Thursday, November 08, 2007

A song dedication

It's a touch naughty, but I can't resist it: Here's one for you, Mr Blair:

For those looking for a more sensible viewpoint from me, I've started posting things over at the guardians "comment is free" website.

One thing that has annoyed me from the multitude of postings on that article is the way nearly everyone labels the police as "the police", i.e. a collective of autonomous zombies unable to question anything for themselves and unwitting slaves of government and chief police.

I hope this blog and others remind people that actually, we're not hardwired blank faced drones. We question policy just as much, and sometime more so, and get just as frustrated when things go wrong.

I get really frustrated when I see some of the ignorance of how the police really works- one of the comments is that we will now shoot anyone we reasonably suspect of being a suicide bomber and we are revelling in this shoot to kill policy.

No, no, no and No.

Monday, November 05, 2007

Media Monkeys

Regular readers here- should there be any!- will know that it is not unusual I get a bit irate about the media and the way things regarding the police are reported.

We rely on the media a great deal for information regarding things outside our own day to day lives and people most of the time tend to take what they read as fact, give or take the odd pinch of salt, depending on which paper you read. You assume journalists are objective and neutral.

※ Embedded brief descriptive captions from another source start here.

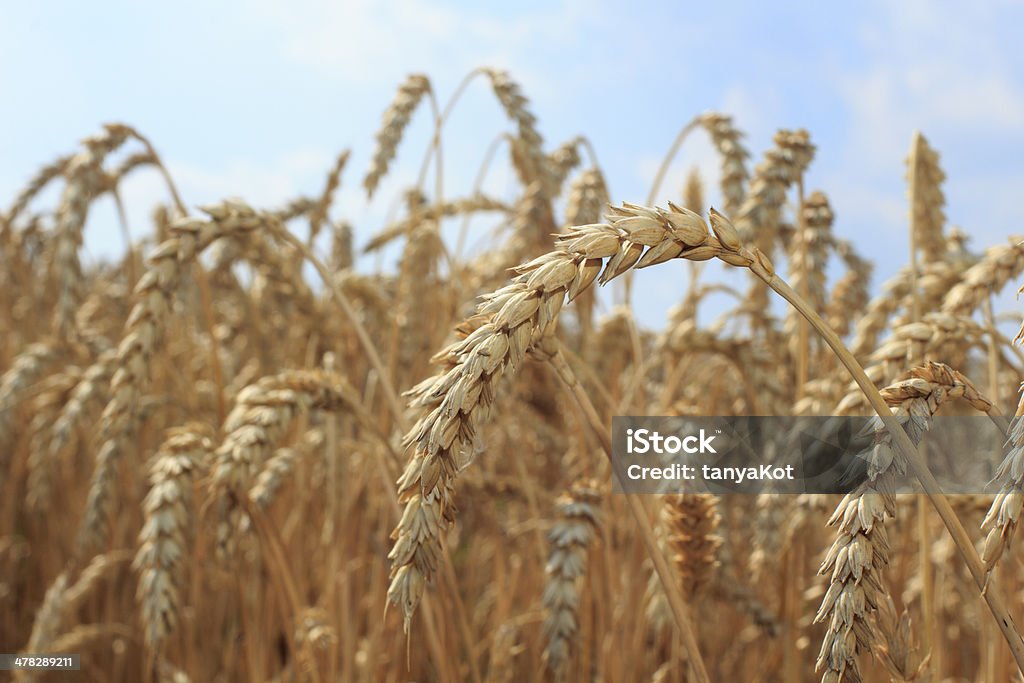 Trigo - Foto de stock de Agricultura libre de derechos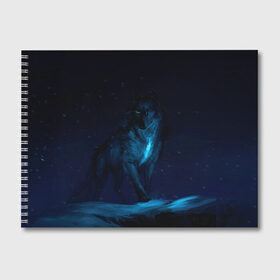 Альбом для рисования с принтом Зимний волк в Новосибирске, 100% бумага
 | матовая бумага, плотность 200 мг. | Тематика изображения на принте: wolf | wolfs | волк | волки | волчара | животные | звери | зима | лес | природа | снег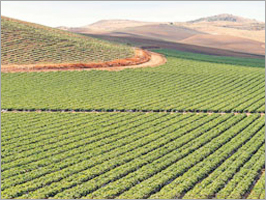 Farms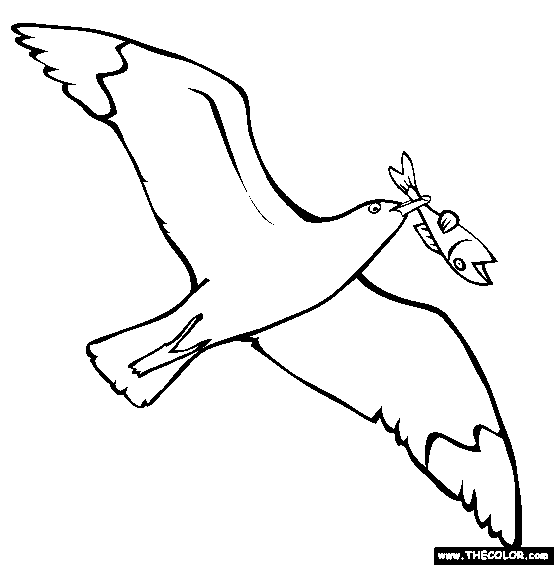 Opila Bird coloring page - Download, Print or Color Online for Free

Well I was not too impressed with the Guardian on Saturday. Blaring headline shouting "Embattled Blair faces new armed police allegations".

Except when you read through it, he's not. The two brothers from Forest Gate have popped up again. Apparently those horrible armed bullies from SO19 said rude things to them. The way it is reported would suggest they were deliberately targeted by them. Until you read at the end it was because there was a report that a firearm had been seen and two imitation firearms were recovered. The SO19 officers it would seem didn't even know it was the two brothers until they were already stopped.

And then there's the bit which really made me question why the Guardian reported this at all, let alone across the front page. They aren't making a complaint. This is quite crucial! The Guardian completely fails to address the question why. Why aren't they complaining? They've got the lawyer, the public profile, any complaint they make will be properly addressed, trust me (instant referral to IPCC methinks! Can't see me or the duty officer trying to deal with this locally). To me, there's something missing.

I wonder how much their lawyer charged the two brothers (on legal aid?) an awful lot of money to write a snooty letter to the commissioner saying how armed officers are "flagrantly and flamboyantly endangering the citizens of london".

Whatever. I'd like this lawyer to spend a shift away from her million pound house (well, its got to be hasn't it) in a nice neighbourhood with regular let alone armed police, as she clearly has got no idea, or is breathtakingly arrogant.

Only the Telegraph mentioned the officer fighting for her life after being run over by a suspect trying to escape. Best wishes to DC Corbett.

I've got to admit, I normally find the guardian a touch more reliable than the others, but this article has got me questioning what agenda they've got.